_Required work_
Exactly reproduce the lines from the one containing "Yamaha N-max 2021 No Pcx No Agiliti Oscar's" through the last line of the data, both ends included, leaving out pictures.

*** Opening of Material for this exercise ***

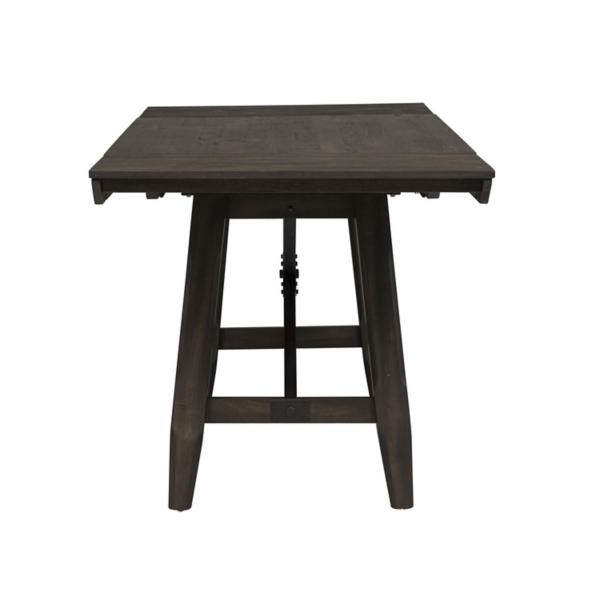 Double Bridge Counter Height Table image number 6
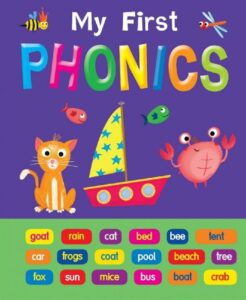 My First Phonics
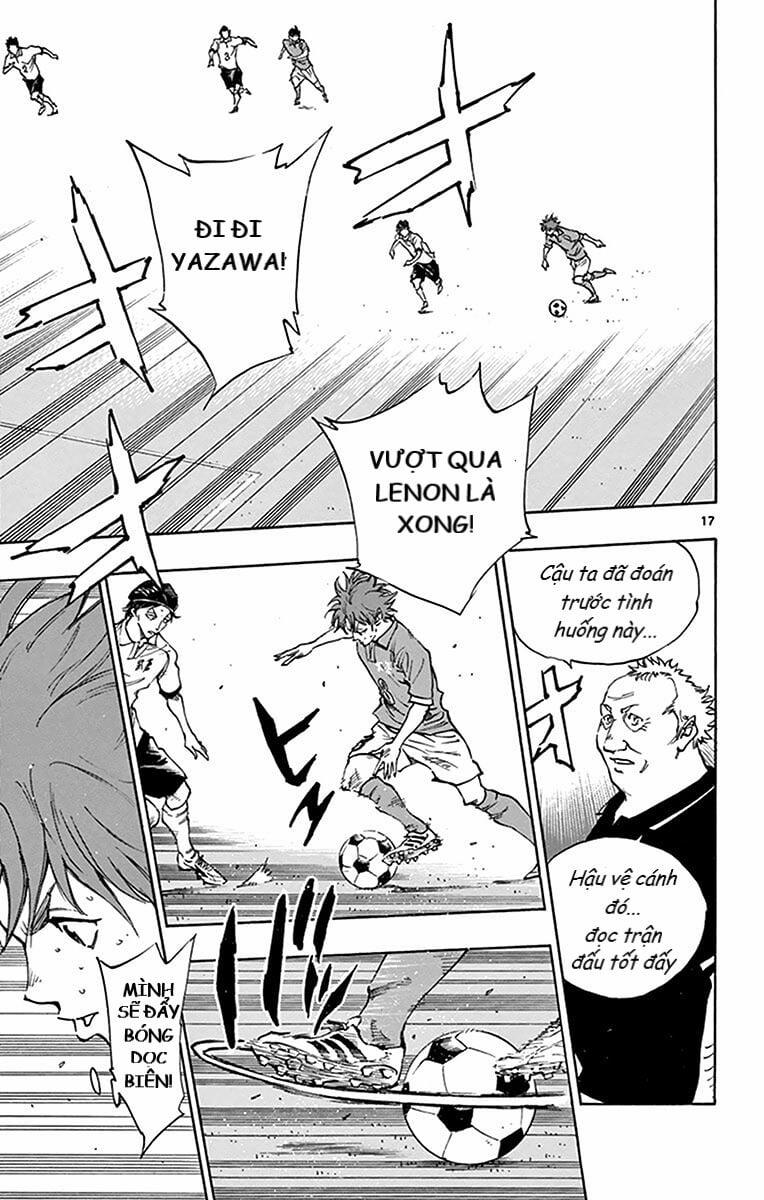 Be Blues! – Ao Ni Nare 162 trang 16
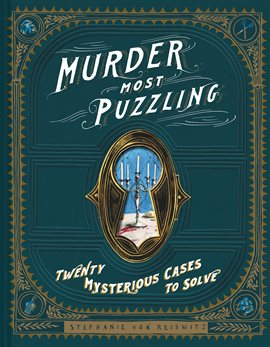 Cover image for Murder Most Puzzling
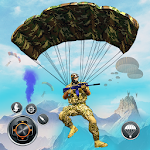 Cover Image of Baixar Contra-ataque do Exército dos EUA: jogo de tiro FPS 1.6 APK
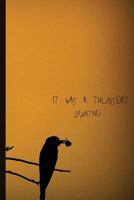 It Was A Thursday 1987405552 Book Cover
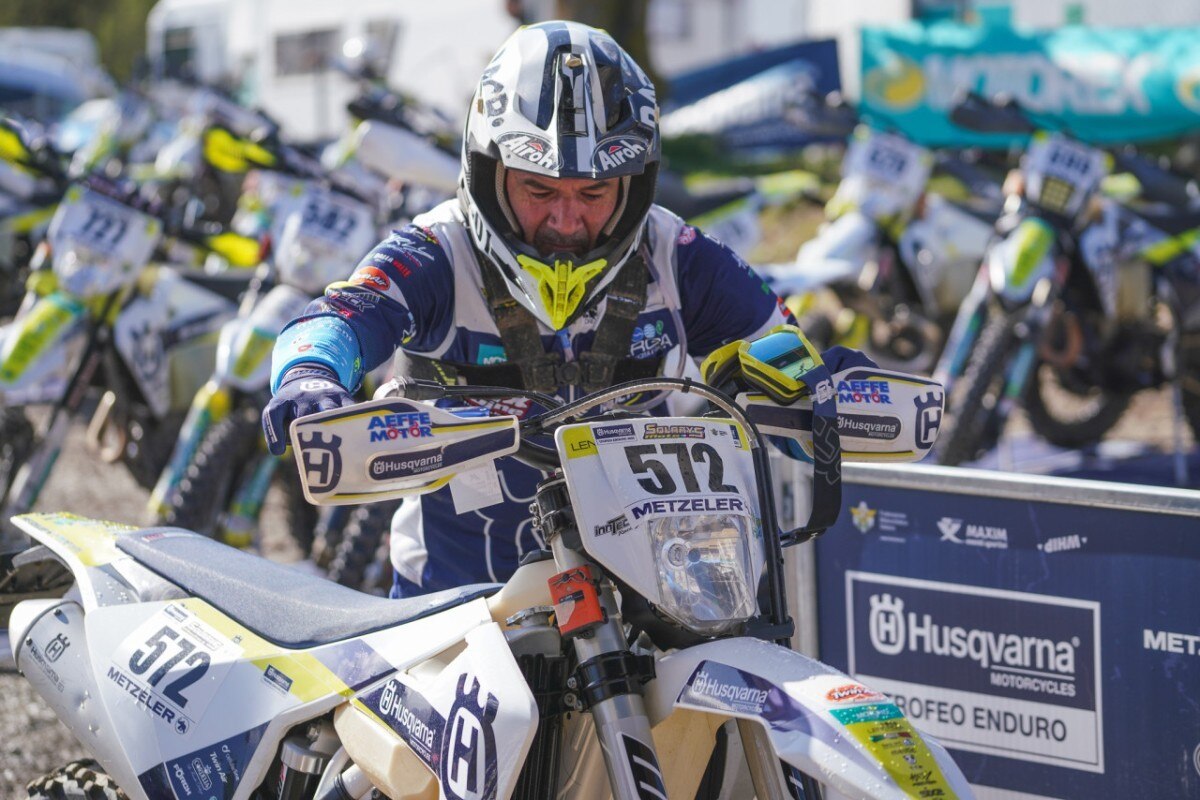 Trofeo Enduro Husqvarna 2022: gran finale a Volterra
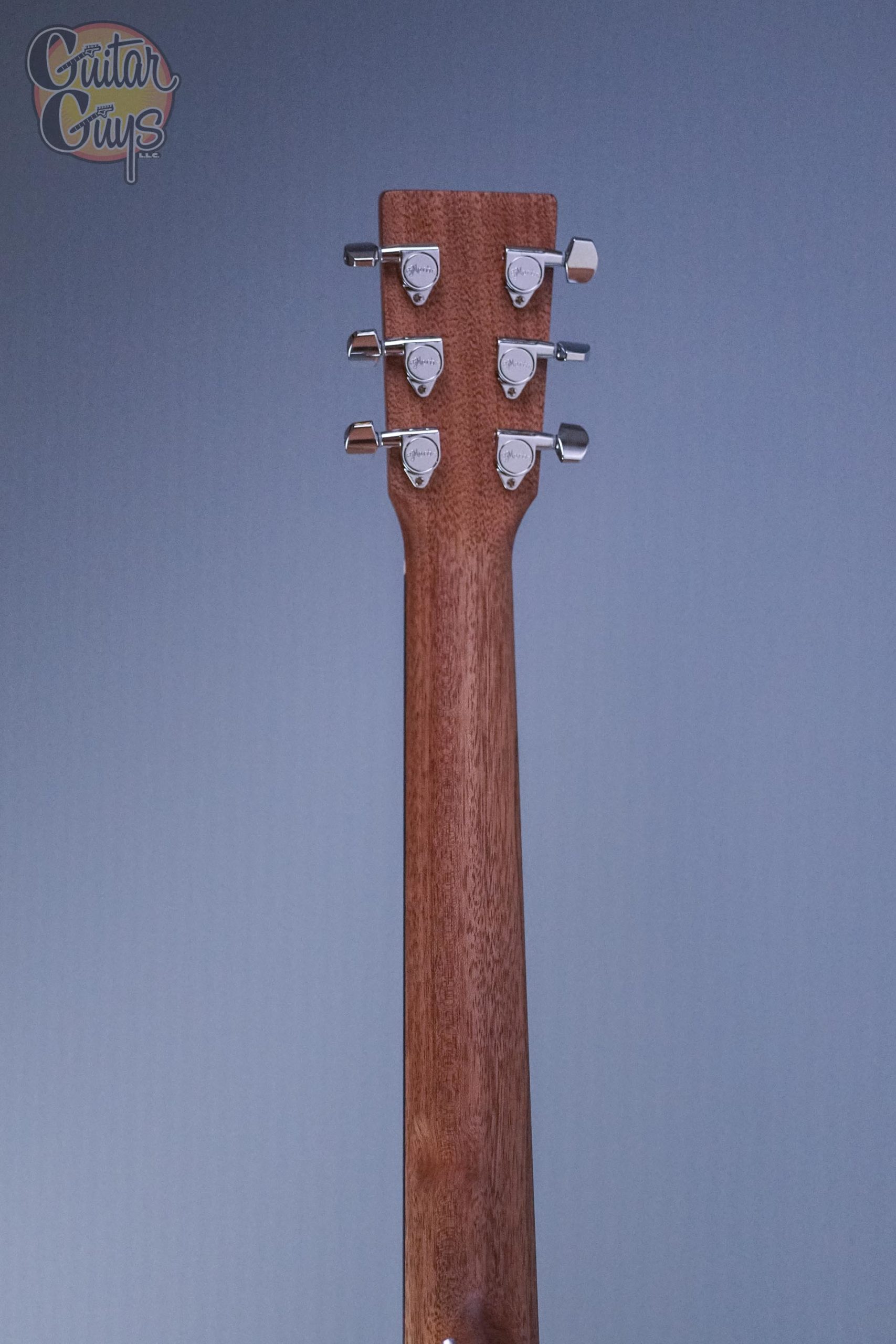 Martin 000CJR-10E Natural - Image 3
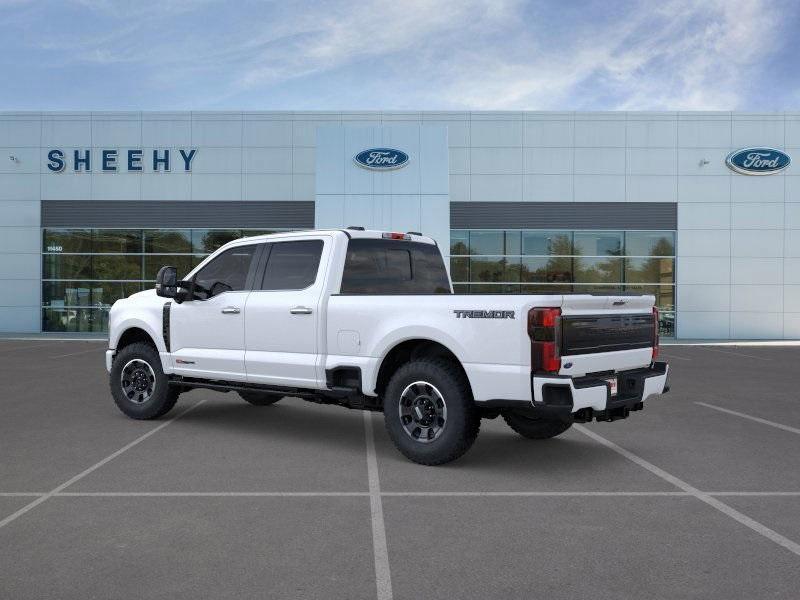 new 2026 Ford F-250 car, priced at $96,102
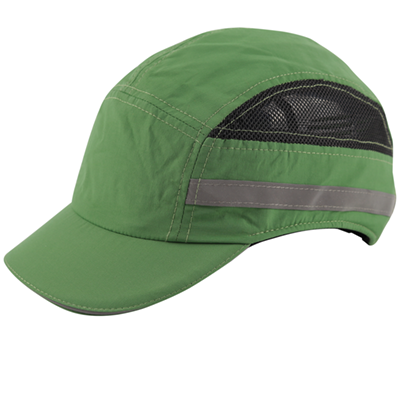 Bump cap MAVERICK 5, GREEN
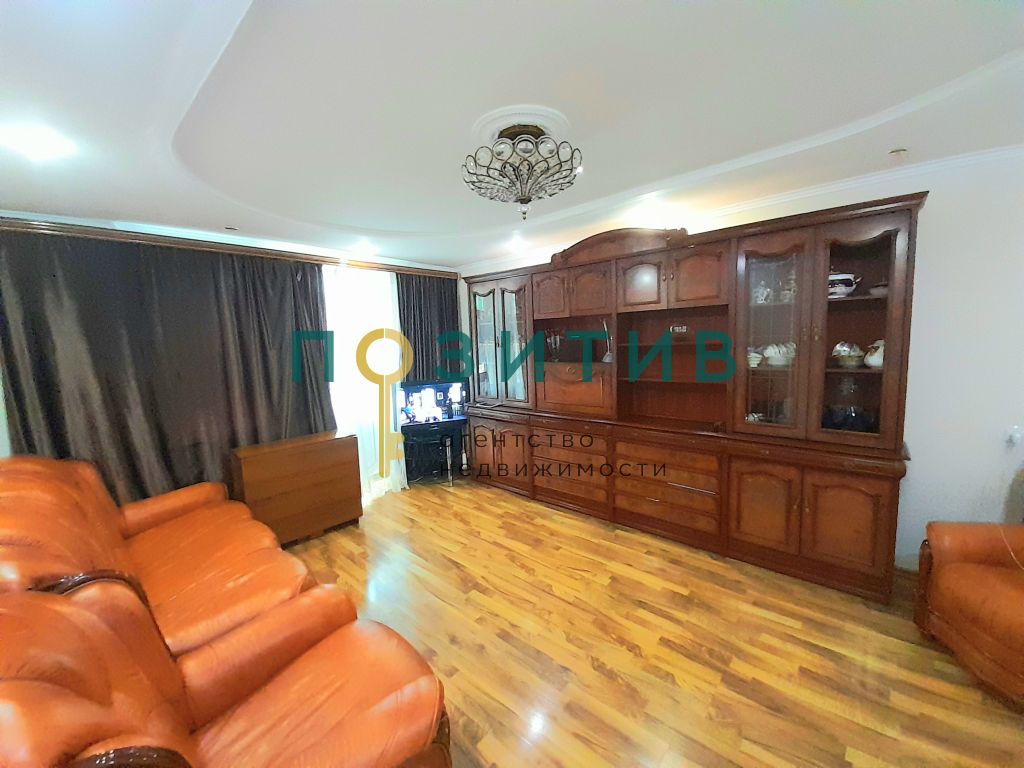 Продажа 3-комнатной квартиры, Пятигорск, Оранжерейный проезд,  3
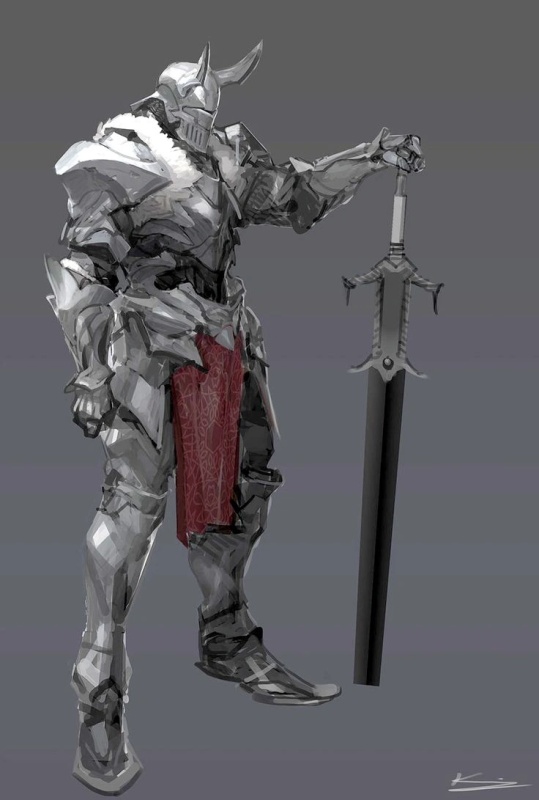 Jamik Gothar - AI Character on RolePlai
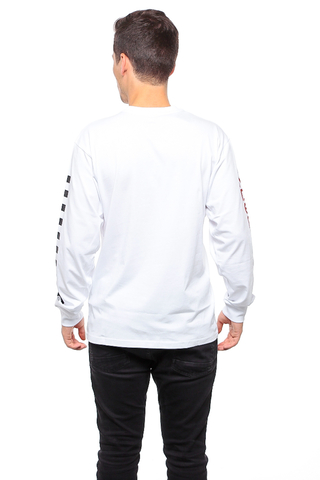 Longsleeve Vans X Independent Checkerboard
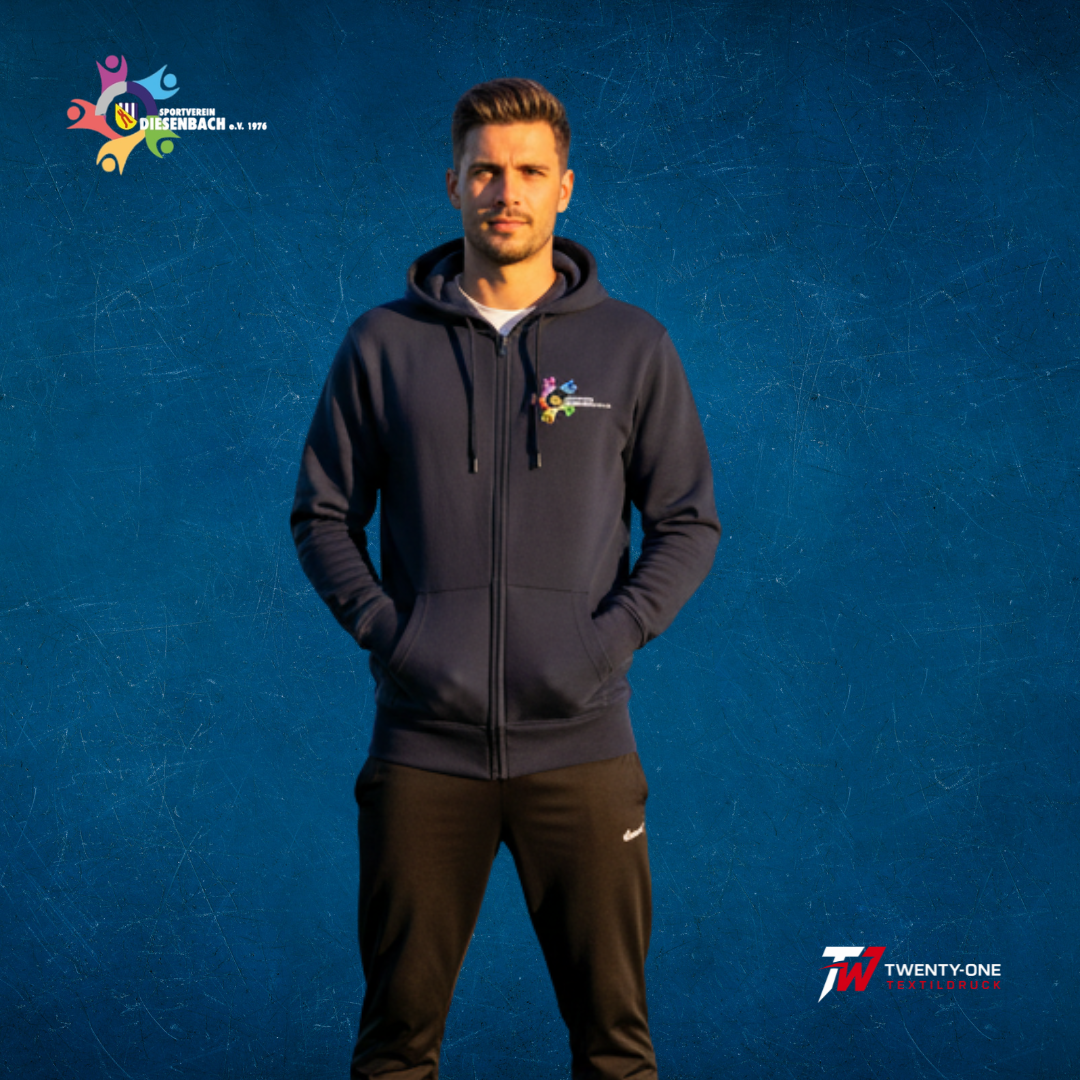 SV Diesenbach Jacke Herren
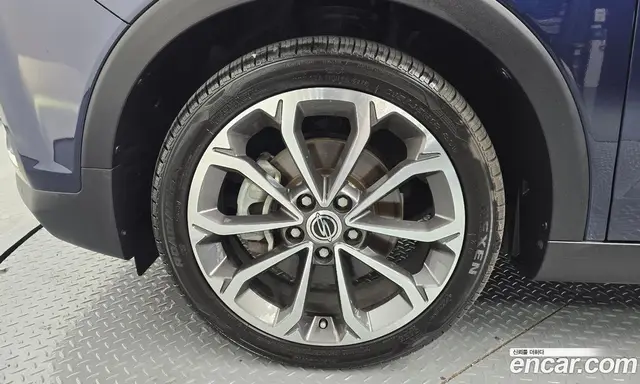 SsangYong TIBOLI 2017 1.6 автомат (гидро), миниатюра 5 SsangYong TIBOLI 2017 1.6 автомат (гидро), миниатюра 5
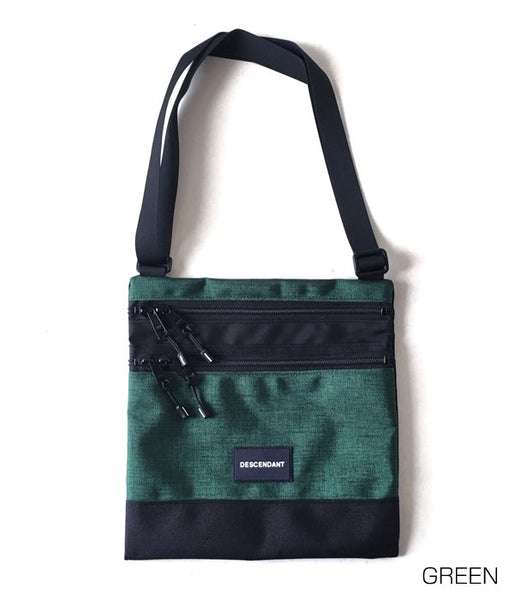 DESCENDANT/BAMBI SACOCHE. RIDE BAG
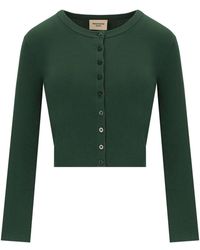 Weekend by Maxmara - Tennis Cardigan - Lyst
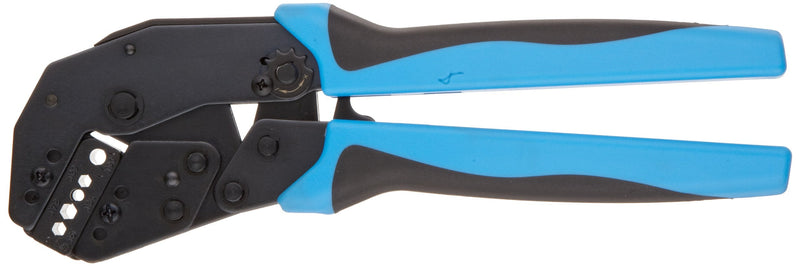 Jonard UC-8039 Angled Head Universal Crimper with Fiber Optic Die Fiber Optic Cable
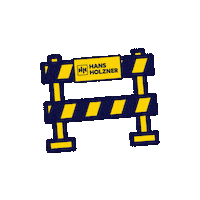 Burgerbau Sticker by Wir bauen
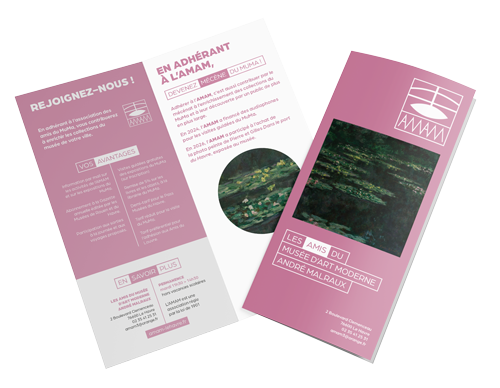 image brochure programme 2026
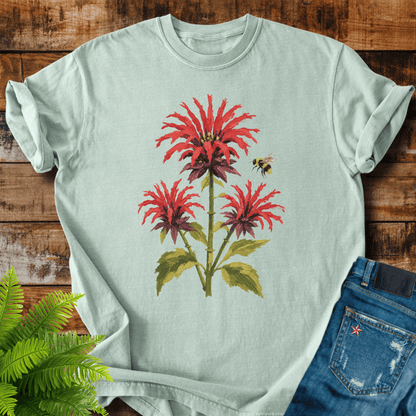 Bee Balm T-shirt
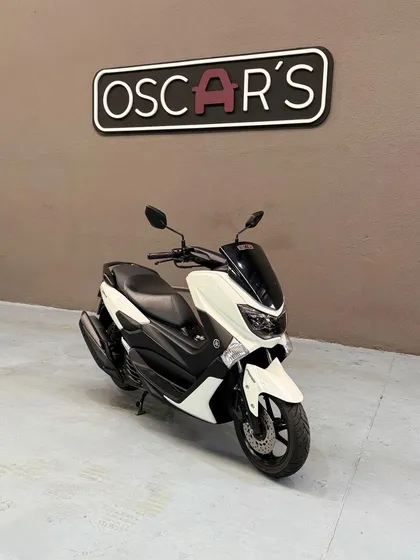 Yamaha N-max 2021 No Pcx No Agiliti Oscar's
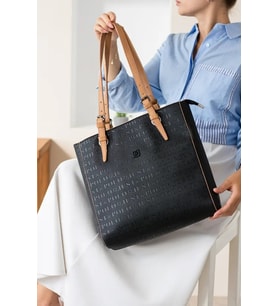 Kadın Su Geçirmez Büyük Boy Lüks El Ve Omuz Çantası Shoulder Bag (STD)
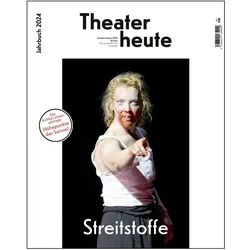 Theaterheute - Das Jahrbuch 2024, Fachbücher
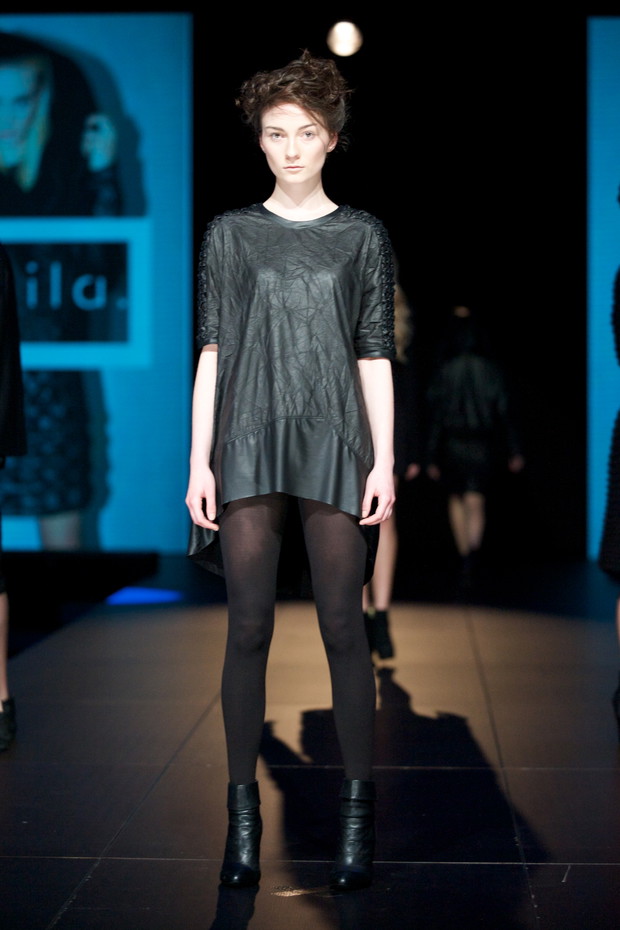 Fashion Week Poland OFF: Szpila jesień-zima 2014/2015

*** Close of Material for this exercise ***

_Expected answer_
 Yamaha N-max 2021 No Pcx No Agiliti Oscar's
 Kadın Su Geçirmez Büyük Boy Lüks El Ve Omuz Çantası Shoulder Bag (STD)
 Theaterheute - Das Jahrbuch 2024, Fachbücher
 Fashion Week Poland OFF: Szpila jesień-zima 2014/2015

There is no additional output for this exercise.